*EXERCISE DATA:*

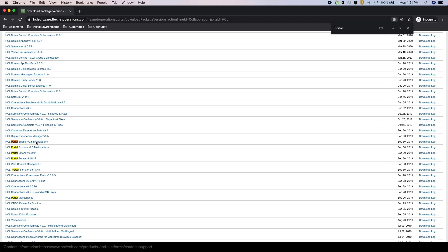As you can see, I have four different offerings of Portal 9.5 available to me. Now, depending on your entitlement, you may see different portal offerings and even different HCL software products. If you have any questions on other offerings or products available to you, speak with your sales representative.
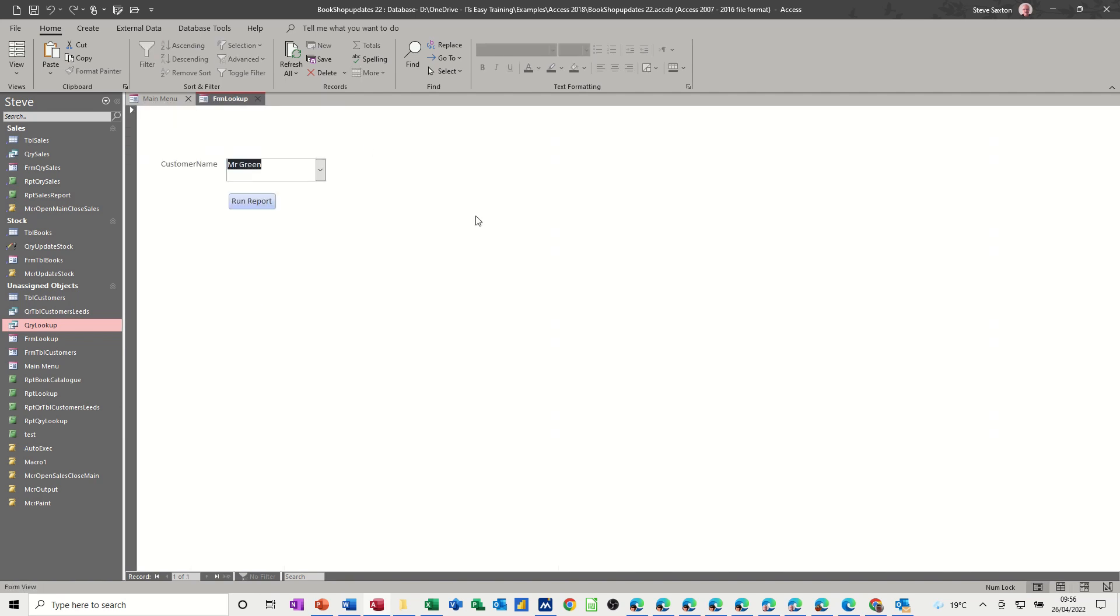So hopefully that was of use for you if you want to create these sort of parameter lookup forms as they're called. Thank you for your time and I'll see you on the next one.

* * *

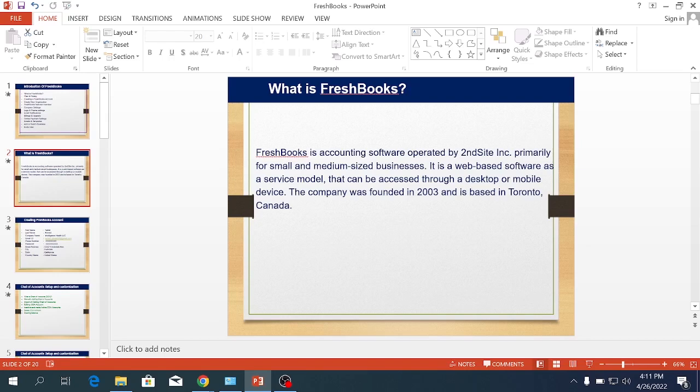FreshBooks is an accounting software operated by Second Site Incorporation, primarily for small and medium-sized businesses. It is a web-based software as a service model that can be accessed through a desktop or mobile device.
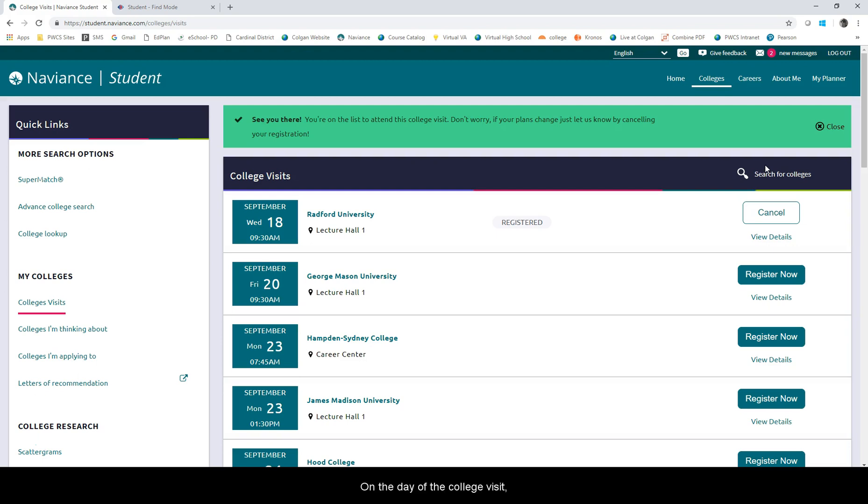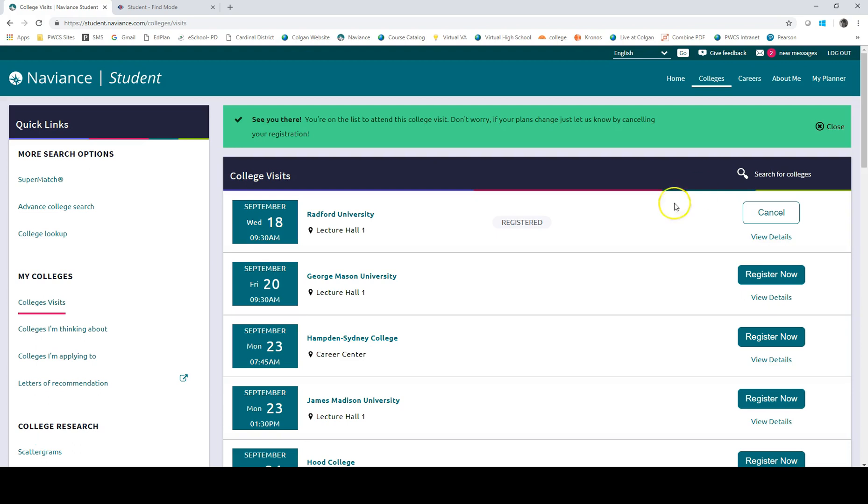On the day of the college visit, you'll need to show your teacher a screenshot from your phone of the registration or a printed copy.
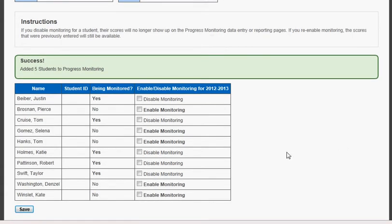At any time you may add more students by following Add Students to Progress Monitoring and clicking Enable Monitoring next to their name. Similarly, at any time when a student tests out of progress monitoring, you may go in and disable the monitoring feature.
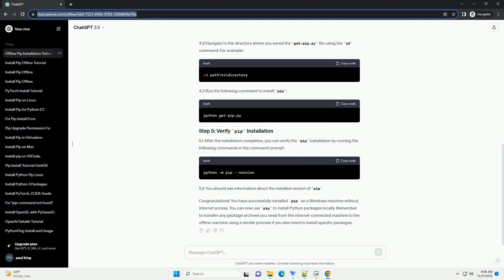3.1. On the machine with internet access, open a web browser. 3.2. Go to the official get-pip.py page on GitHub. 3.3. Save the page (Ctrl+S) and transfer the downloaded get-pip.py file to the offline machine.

*WORK INSTRUCTION:* Please set down, exactly and with no pictures, the lines in the entries above starting at the one holding "FreshBooks is an" and ending at the one holding "On the day of", ends included.

*SOLUTION:*
FreshBooks is an accounting software operated by Second Site Incorporation, primarily for small and medium-sized businesses. It is a web-based software as a service model that can be accessed through a desktop or mobile device.
On the day of the college visit, you'll need to show your teacher a screenshot from your phone of the registration or a printed copy.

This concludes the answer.